Bundesgesundheitsminister Lauterbach versicherte, die ePA werde erst an den Start gehen, wenn alle Hackerangriffe technisch unmöglich gemacht würden. Die zuständige Gematik teilte mit, das Problem ernst zu nehmen, man halte aber eine praktische Durchführung eines Angriffs, wie vom CCC geschildert, für wenig realistisch. Die geschilderten Sicherheitslücken lägen nicht unbedingt an der Technik, sondern in strukturell-prozessualen Schwachstellen. Dafür müssten Nutzer sensibilisiert werden.

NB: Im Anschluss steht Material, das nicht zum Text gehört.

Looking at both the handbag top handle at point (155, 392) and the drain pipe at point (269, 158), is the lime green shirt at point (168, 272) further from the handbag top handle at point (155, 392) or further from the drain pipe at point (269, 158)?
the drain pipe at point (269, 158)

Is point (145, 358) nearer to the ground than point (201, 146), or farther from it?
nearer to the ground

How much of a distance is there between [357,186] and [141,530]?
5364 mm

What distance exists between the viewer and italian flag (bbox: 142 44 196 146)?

Nach Daten des Robert Koch-Instituts sind nur 21 Prozent der einjährigen Kinder in Deutschland vollständig geimpft. Zwar würden empfohlene Impfungen häufig nachgeholt, gleichwohl seien Kinder im Alter von zwei Jahren nur zu 77 Prozent vollständig geimpft. Bei Diphtherie lag die Quote der vollständigen Immunisierung bei Kindern im Alter von 15 Monaten zuletzt bei 64,5 Prozent, gegen Masern bei Zweijährigen bei 77 Prozent. Die vollständige Immunisierung wird regelmäßig oft erst bis Eintritt des Schulalters erreicht – das entspricht aber nicht den Empfehlungen, die die vollständige Immunisierung bis zum 15.Lebensmonat vorgesehen hat. Als wesentliches Problem sehen Experten, dass Krankheiten wie Diphtherie bei Eltern so gut wie unbekannt seien – 2023 wurden dem RKI 47 Erkrankungen gemeldet – und daher die Schwere der Krankheit unterschätzt.

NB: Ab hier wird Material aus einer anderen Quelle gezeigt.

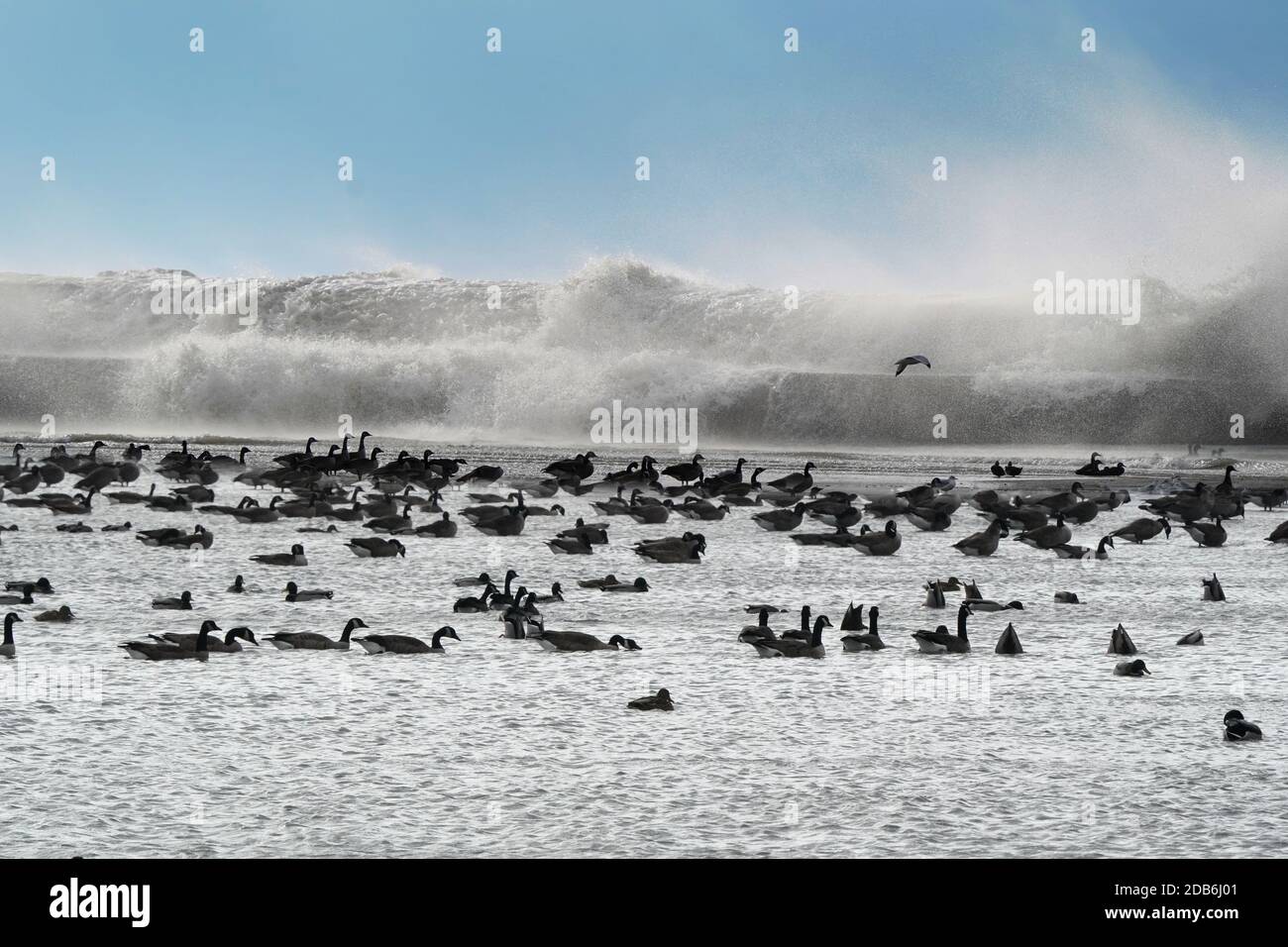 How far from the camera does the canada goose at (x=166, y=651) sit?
10695 mm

Zunehmend werde auch das Risiko einer Corona-Infektion unterschätzt und der Nutzen einer zusätzlichen Impfung – der Schutz vor einem schweren Krankheitsverlauf – nicht mehr gesehen. In der Saison 2023/24 sind nur 16 Prozent der Menschen über 60 Jahren gegen Covid-19 geimpft worden.
In diesem Jahr werden wahrscheinlich mehr als 40 neue Arzneiwirkstoffe von der EU-Kommission zugelassen werden. Das geht aus einer Analyse des Verbandes forschender Pharma-Unternehmen hervor. Erwartet wird, dass erstmals seit 2002 wieder ein oder zwei neue Arzneimittel gegen Alzheimer-Demenz zugelassen werden. Laut vorliegender Studien können diese in einem sehr frühen Stadium den Krankheitsverlauf verlangsamen. Für eines der beiden Arzneimittel ist die Zulassung von der EMA bereits empfohlen. Erstmals könnten auch ein oder zwei Impfstoffe gegen das Chikungunya-Fieber auf den Markt kommen. Die vor allem in Tropen vorkommende durch Mücken übertragene Infektion breitet sich inzwischen auch in den USA und Südeuropa bis nach Frankreich aus; ursächlich ist der Klimawandel. Zum Schutz vor Covid-19 soll es neu angepasste mRNA-Impfstoffe sowie einen sa-mRNA-Impfstoff geben, der verstärkt ist. Für Menschen, bei denen krankheitsbedingt keine Immunisierung möglich ist, soll ein neues präventives Antikörper-Medikament angeboten werden. Rund ein Drittel der Innovationen sind zur Behandlung von Krebs vorgesehen, allein beim nicht kleinzelligen Lungen-Ca sechs neue Wirkstoffe. Die zunehmende Differenzierung in der Krebstherapie ist eine Reaktion auf immer bessere Bestimmungen der Gen-Mutationen, auf die eine individuelle Behandlung folgen kann.